The statute of limitations typically allows the later of three years from the date that the return is filed or two years from the date the tax is paid to question items or assess additional tax. Returns timely filed and taxes timely paid before the due date are considered to be filed or paid on the due date. Returns that are filed late will have a proportionally later closure date. Returns that are never filed do not have a closure date. For this reason, all taxpayers are highly encouraged to file a return every year, even if they do not owe tax.

If you are selected for audit during the three years, do not destroy any relevant papers, even if the statute of limitations will pass before the audit is completed. The IRS will typically issue a letter asking for an extension of the statute of limitations. While you cannot be compelled to extend, it is generally not to the taxpayer’s benefit to disagree, as the IRS will make an assessment based only on the information available and assessments based on limited information tend to be harsh. Should the taxpayer wish to contest the new assessment, he or she then must go to tax court, which will usually result in being thrown back into completing the audit process. See IRS Publication 1035 for more information.

If general, if you are not selected for audit, you may destroy the relevant papers after three years. However, there are a few exceptions. In addition, returns omitting 25% or more of income that should have been reported have an extended statute of limitations of six years and there is no statute of limitation for false or fraudulent returns, so you must keep your records indefinitely.

Of course, we, at TRKM, recommend that rather than trying to remember the exceptions, you report all of your income correctly and choose not to file false or fraudulent returns.

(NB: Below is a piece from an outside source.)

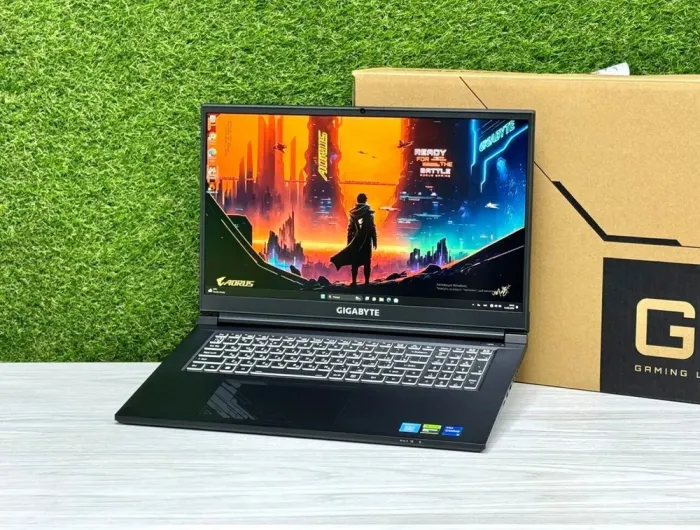 Ігровий ноутбук Gigabyte G7 KF / 17.3" (1920x1080) IPS / Intel Core i5-12500H (12 (16) ядер по 2.5 - 4.5 GHz) / 16 GB DDR4 / 512 GB SSD M.2 / nVidia GeForce RTX 4060, 8 GB GDDR6, 128-bit / WebCam / Win 11 Home б/в - зображення 4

On the other hand, the extended statute of limitations also means that a fraudster attempting to file a false return on your behalf has an indefinite amount of time to be caught, not least because there is also no statute of limitations on forgery. 

Businesses should keep records for a minimum of four years, to allow for the three years from the filing date of employees’ personal returns. Documents to be retained include all payroll data and employee information, W-4s, payroll returns, dates and amounts of withholding deposits, worker health coverage forms and any filed 1094 and 1095 forms.


Other Documents

Though three years is the rule for tax returns, there are a few documents you should consider keeping around longer.

Gains and losses on capital items are calculated by the difference between the historical purchase price that the seller originally paid and the current sales price, not based on an appraised or market value. If you made a large purchase that might qualify for capital gains in the future, such as a house, land, antiques, art, or financial instruments such as stocks or bonds, remember to keep a record of the original transaction so that your tax preparer will be able to accurately calculate your gain or loss. Otherwise, you could end up paying much more than you really owe. If you happen to pass on any capital items through gift or inheritance, make sure to also pass on the paperwork. In most cases, it is the donor’s original basis, not the basis at the time of transfer, which applies. If you inherit capital items, make sure to keep the original paperwork around to help you establish basis.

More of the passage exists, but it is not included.